Transition and transfer in congenital heart disease- Experiences and perspectives of young people with CHD and their parents/caregivers
Om unga vuxna med medfödda hjärtfel och deras föräldrar/ vårdnadshavare - upplevelser kring transationsvård
Children born today with congenital heart disease (CHD) will most likely live into adulthood and as such need to transition their care from the paediatric cardiac clinic to the adult cardiac clinic. How young people and their parents/caregivers perceive this process of transition is not well understood. Also not well understood are their understanding of the transition process. This literature review of qualitative studies aimed to investigate the experiences of young people with CHD and their parents/caregivers around transition to adult care. Searches were performed in PubMed, Scopus, CINAHL and an EndNote library of transition literature. Four themes and nine sub-themes were found. The results indicated that young people and their parents/caregivers want and need more information about their health, lifestyle factors and the transition process.
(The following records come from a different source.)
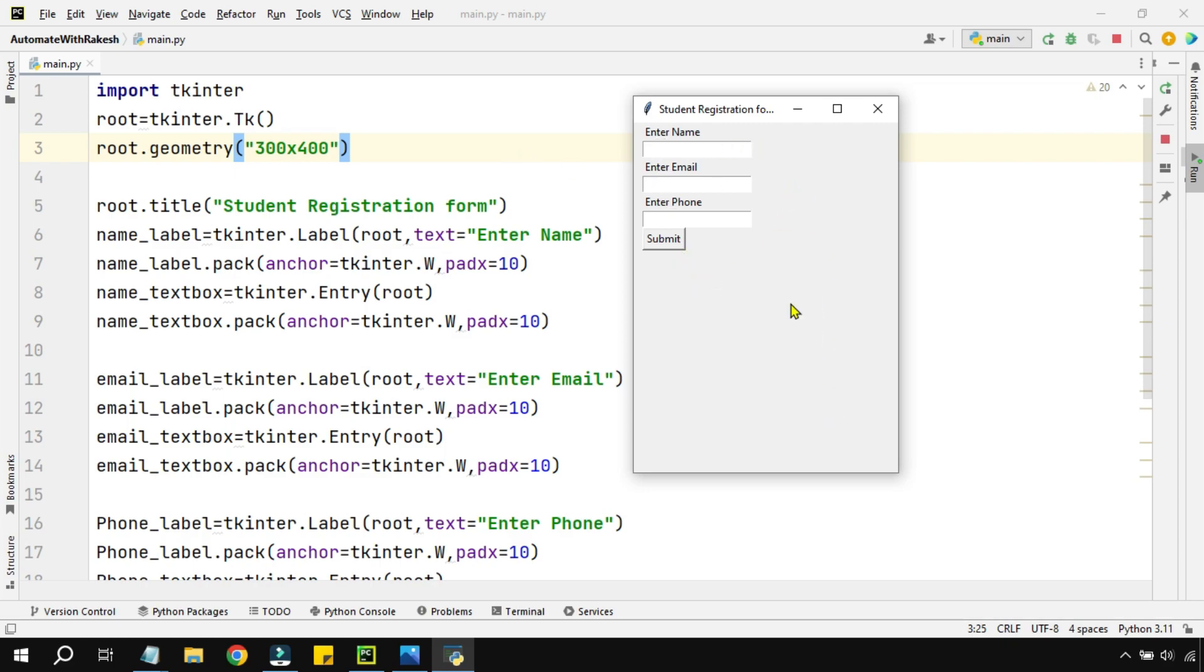Now here we will focus - let's say I'm going to make some entry to this one. If I'm making some entry to these specific text boxes, how can I capture these values and show it?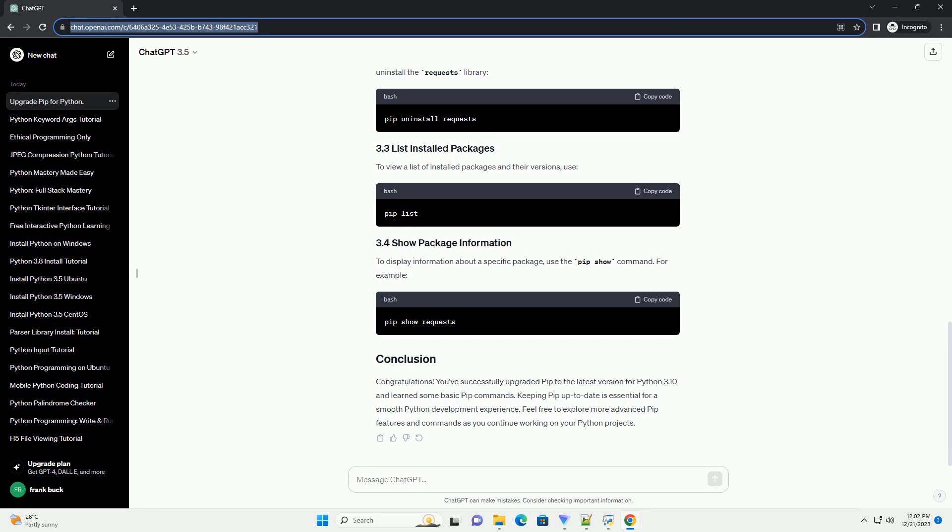To view a list of installed packages and their versions, use the list command. To display information about a specific package, use the PIP show command. For example.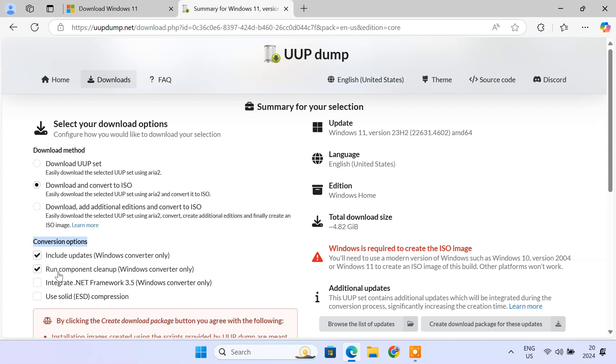Run Component Cleanup Windows Converter Only option will remove unnecessary files, reducing the overall size of the ISO and improving system efficiency. This one's also great for creating a cleaner and more efficient ISO. The next option integrates .NET Framework 3.5 into the ISO, enabling support for legacy applications. Only choose this option if you plan to run older software that relies on .NET Framework 3.5.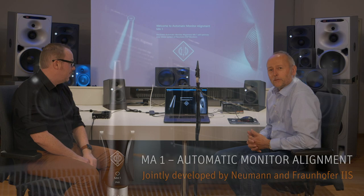This is the new automatic monitor alignment software from Neumann, and I'll show you just how it works.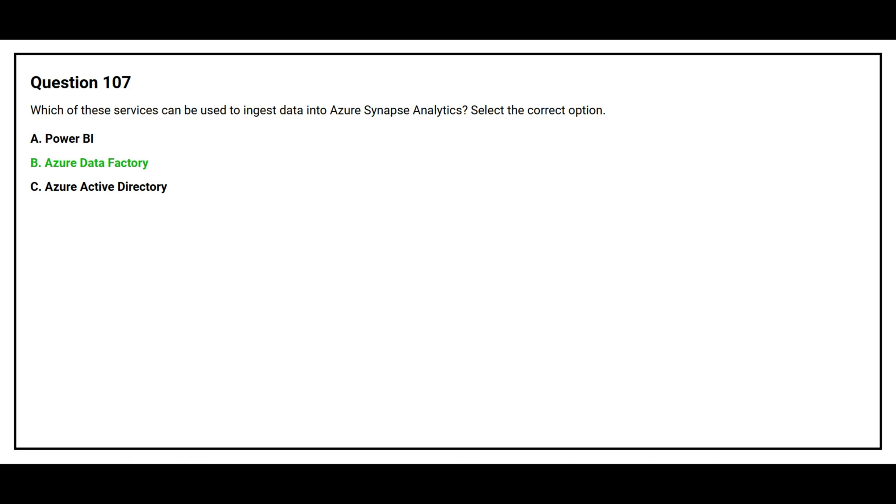The correct answer is option B, Azure Data Factory.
Trust in the care team was important as was peer-support and peerlearning. Parents had a hard time letting go of responsibility for care, though they understood that the shift in responsibility was a natural and normal part of growing up. Timing of transition was also considered important, with preferences for individualisation of timing according to maturity. Young people and their parents also perceived the young people’s selfmanagement and communication skills were lacking, causing concern for the parents in particular. Young people with CHD and their parents/caregivers need person-centred care during the transition to adult care. A care environment that fosters trust in the care team and supports them to become capable of self-management and with sufficient communication skills to be able to advocate for themselves.